Featuring more than 70 works across painting, photography, sculpture, kinetic art and installation, the exhibition reveals how light transcends historical boundaries and forms. Evolving from the 19th century, with paintings including The Deluge, 1805, by celebrated Romantic painter J. M. W. Turner, along with other Romantic artworks by John Constable, made with his collaborator, David Lucas. These works are contrasted against contemporary expressions by artists such as Tacita Dean, Olafur Eliasson and Yayoi Kusama.
The luminescence of light reflecting against varied surfaces is the pulsing force uniting the exhibition. As ACMI curator Laura Castagnini explains, the show “creates somatic connections across time”. But there’s also attention to how “the phenomenon of light has pushed artists to make work in different mediums . . . Turner’s representation of light in the sky pushed him forward in his thinking and his practice in the same way that other exhibited artists like Dan Flavin began making sculptures out of fluorescent light bulbs in the 60s.”
Artistic interpretations of light are crucial when it comes to influencing how light is culturally perceived and appreciated, with new technologies further progressing these interpretations. “Oil paint was once a new technology at a certain point in history,” states Castagnini. “The different mediums used to represent light are important to acknowledge when it comes to concepts such as cinema.”

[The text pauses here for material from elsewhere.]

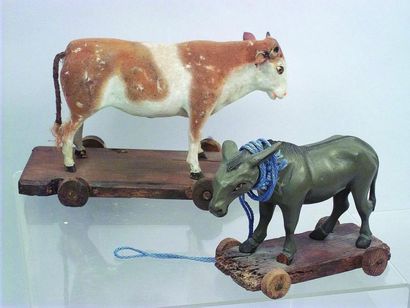 null Vache et âne en bois sculpté sur plateau à roulettes en bois. Fabrication allemande...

Lis Rhodes work Light Music, 1975, is an example of expanded cinema. Rhodes was part of the London Film-Makers’ Co-op, founded in 1966, and a feminist artist transgressing the social limitations placed upon women, particularly in film. As Castagnini explains, Light Music “draws a score onto the film strip and the images viewed are the sounds that you hear. It’s like a correlation, and when you are witnessing the work, you become part of the work. It’s an exciting example of experimental film as a new technology.”
Meanwhile Kusama’s installation, The Passing Winter, 2005, captures how light can alter our perceptions of our surrounding environment—and interestingly Kusama’s sculpture will be situated alongside Impressionist paintings. “You might question why these works are positioned together,” says Castagnini, “but it makes so much sense because they’re both interested in the way light reflects upon specific substances. The Impressionists were interested in the way light bounces off water and how this causes an effect—yet Kusama is interested in the way that light reflects off mirrors and what kinds of consequences this has for the viewer.”
“When you gaze into Kusama’s sculpture you will see the room reflected back at you, especially the other works in the room, so you’ll see a kaleidoscope of Impressionists,” says Castagnini. This interpretation evokes Liliane Lijn’s description of her exhibited installation Liquid Reflections, 1968, to be “a cosmic model not only in the metaphorical sense of being reflections within reflections, circles within circles and spheres within spheres but also through a demonstration of forces.”